Solitary female travellers all over the world are an inspiration to many. A short escape from the mundane life of work, studies, and stress in general helps us relax and unwind. Planning all the details to the letter, making checklists, or embracing absolute spontaneity are what keep us optimistic for better days.
So, when that exciting moment finally arrives to cross the border, what can possibly rain on one’s parade? The answer is: Sexist and misogynistic attitudes.
Incidents of harassment at airports are becoming more prevalent all over the world. Plenty of people become targets of racial, religious, or gender profiling, and face trouble on a regular basis. In Bangladesh, airports can be distressing to anyone, especially if you are a woman. The officer’s years of expertise should aid them in identifying a possible suspect, or tell apart any form of threat from an innocent individual. However, their behaviour does not demonstrate as such.
Recently, an online focus-grouped discussion consisting of girls and women of all ages and backgrounds compiled a list of derogatory comments and questions. While there is significant disparity in their educational or financial backgrounds, what they share is the condescending treatment from immigration officers at Bangladeshi airports.
Remarks or queries made by airport officers include: “Why aren’t you married?” “If you have been married for a few years, why don’t you have a baby yet?” “How can an unmarried woman run a business?” “Why is a single woman going to Thailand without a man?” “Why are you travelling without your husband?” Is your marriage alright?” “Are you going on holiday or running away from home?” “What’s the point of studying abroad?” “After marriage you will just have to cook.” “You got fatter than the photo in the passport but you also look prettier now.” “Your husband is deceased and you are travelling around with your male friends now?”
All these questions and remarks sound far worse when spoken in Bengali, along with the manner and delivery employed by the officers. People are questioned to the point where they panic over missing their flight.
All these bigoted remarks are unwarranted and unacceptable -- such inappropriate behaviour should be questioned and reported by anyone who has faced them. The authorities concerned should be informed about the hassle one has to go through.

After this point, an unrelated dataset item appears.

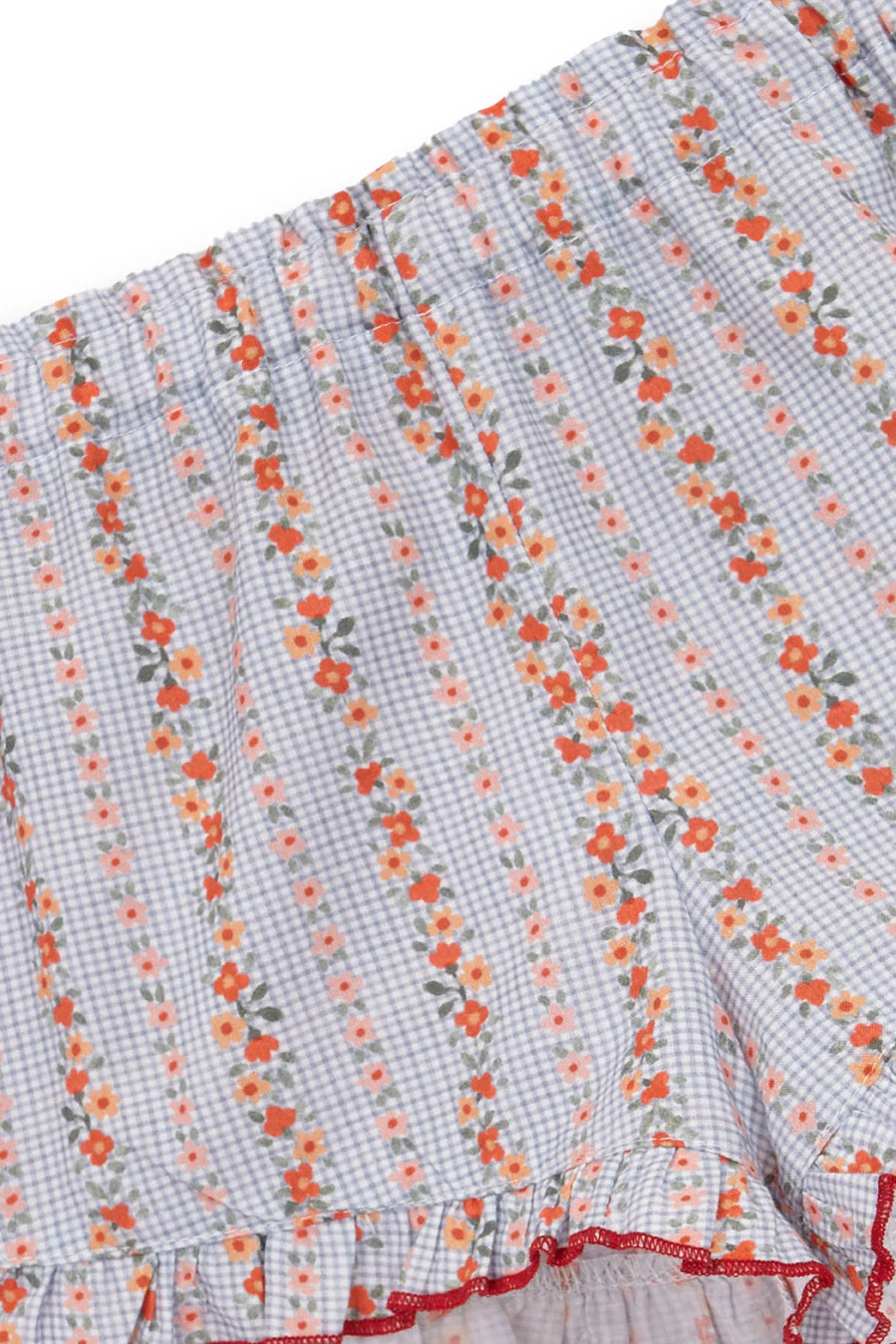 Blue Vichy Shorts with Red Flowers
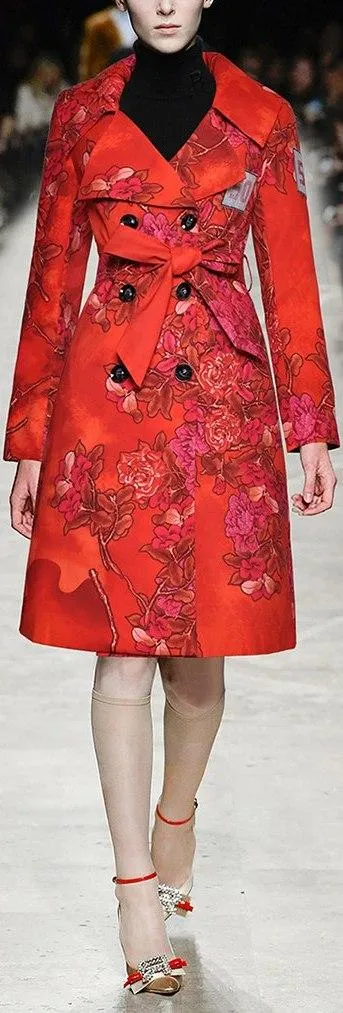 Floral Printed Red Trench Coat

Given that our country is run by a strong female leader, it is absurd to question the competence of women in this era.
The severity of the problem is only aggravating -- female travellers feel like criminals standing in fear in their own country, and there needs to be more effort addressing this issue.
A female traveller took the initiative to inform the authorities, messaging details of her experience, and inquired if leaving her husband or children behind or travelling alone is a crime, that women have to be subjected to such humiliation from immigration officers.

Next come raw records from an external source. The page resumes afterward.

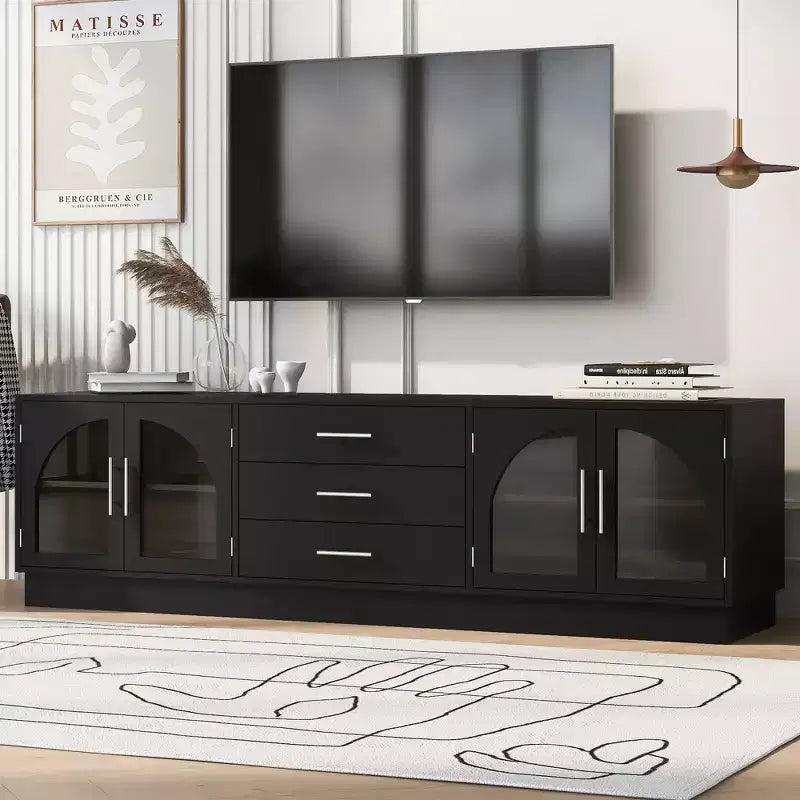 JVNOXK 68.9'' Modern Minimalist TV Stand for TVs up to 75 Inches, with Adjustable Shelves for Living room,Black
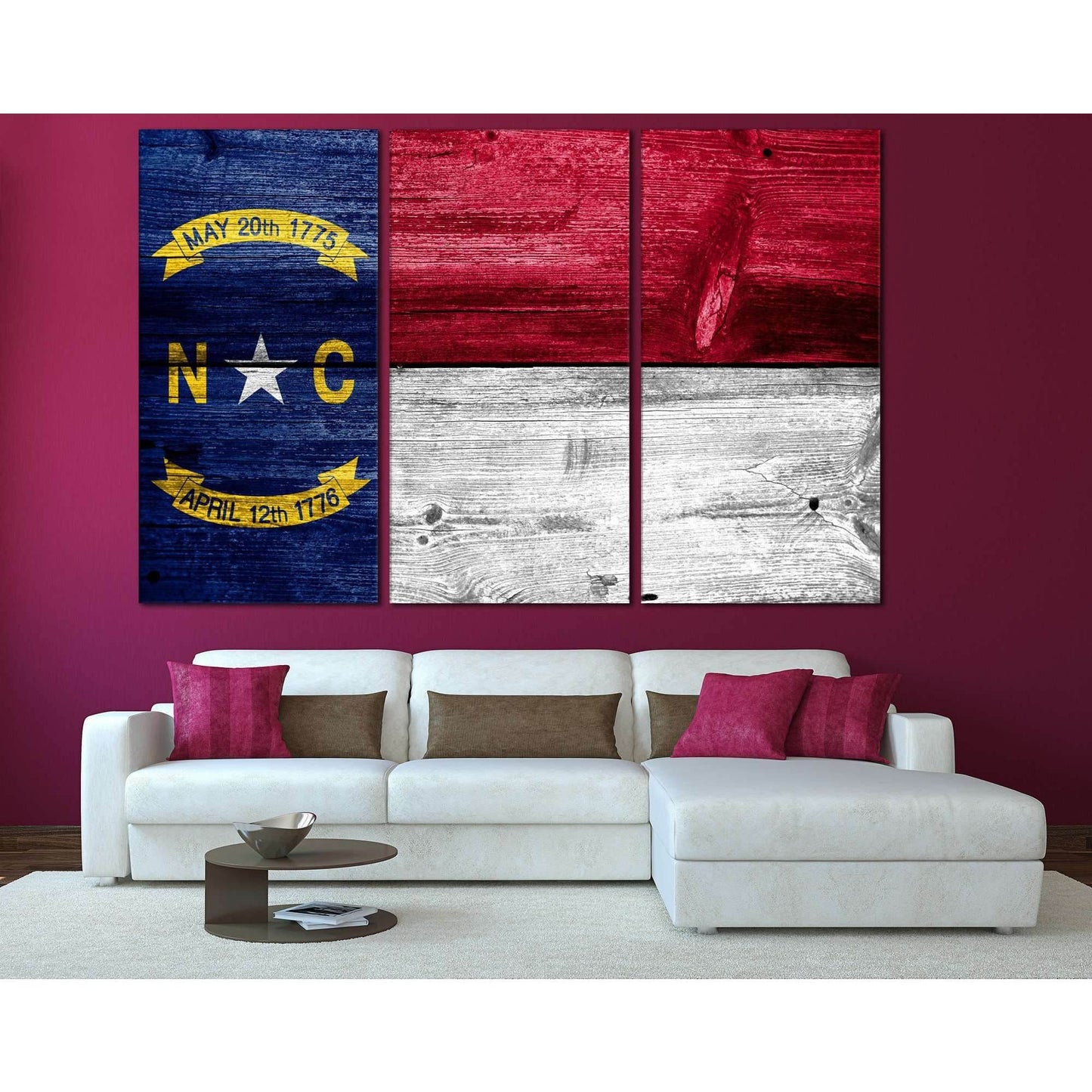North Carolina State Flag №828 Ready to Hang Canvas Print - Zellart Canvas Prints ALL_Products, z-828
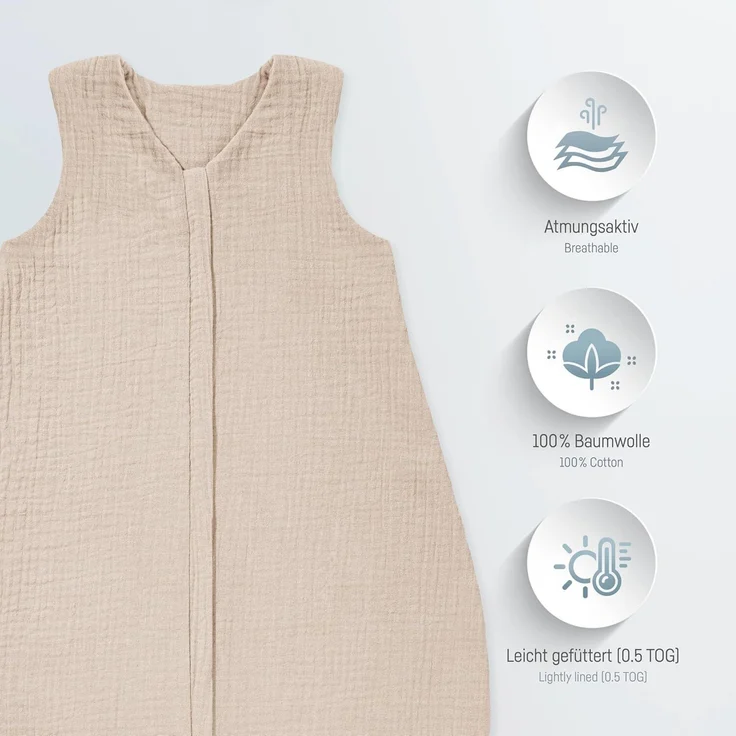 Julius Zöllner Baby Sommerschlafsack Musselin sand 80 cm – Bild 2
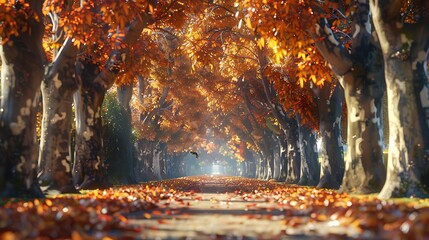 A tree-lined avenue ablaze with autumn colors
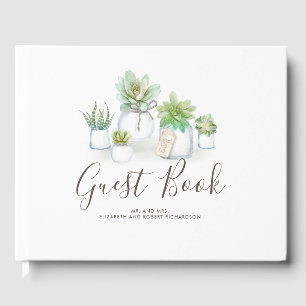 Libro De Visitas Mason Jars y Small Succulents Moderno Boda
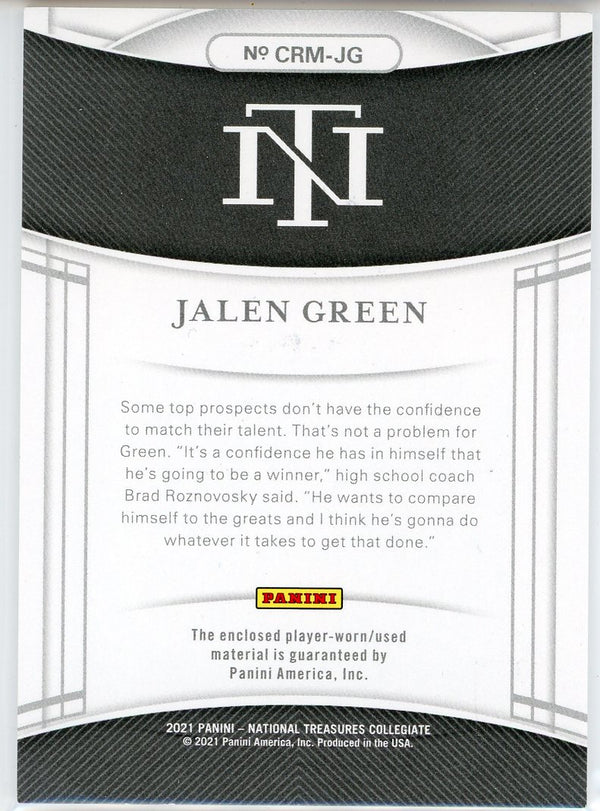 Jalen Green 2021 Panini National Treasures Colossal Rookie Patch Card #CRM-JG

Asking questions about the purpose of travel is, of course, acceptable, and checking documents necessary -- but minimal decency is the least a traveller can expect from the officers. Unless there is serious suspicion for further inquiry, the officers are not entitled to asking questions which make passengers uncomfortable -- nor should they have any authority to pass unsolicited advice or uncomfortable personal opinions.
There is plethora of adjustments which need to be made in the existing system, and the authorities are indeed trying their best, with limited capacity, to make the airport experience better. These unfavourable situations arise due to the absence of institutional discipline, lack of morality, and underlying corruption in the departments.
Bangladeshi airports have been infamous in the past for tax evasion at customs, with officers annoying expats for “speed money” and luggage misplacement.
The rise of technology, the improvements made to the tourism sector and travel services offer a valuable platform for travellers worldwide. It is no longer perceived as a luxury, but rather a necessity to explore beyond our borders, to be able to explore out of our comfort zones.
The ingrained sexism in our patriarchal society not only reeks of bias, but can also dampen the travel experience for many tourists, home or abroad. Moving forward, training for proper etiquette and inquiry procedure is crucial for the airport staff and officers of Bangladesh.
Tanishaa Arman Akangkha is a researcher.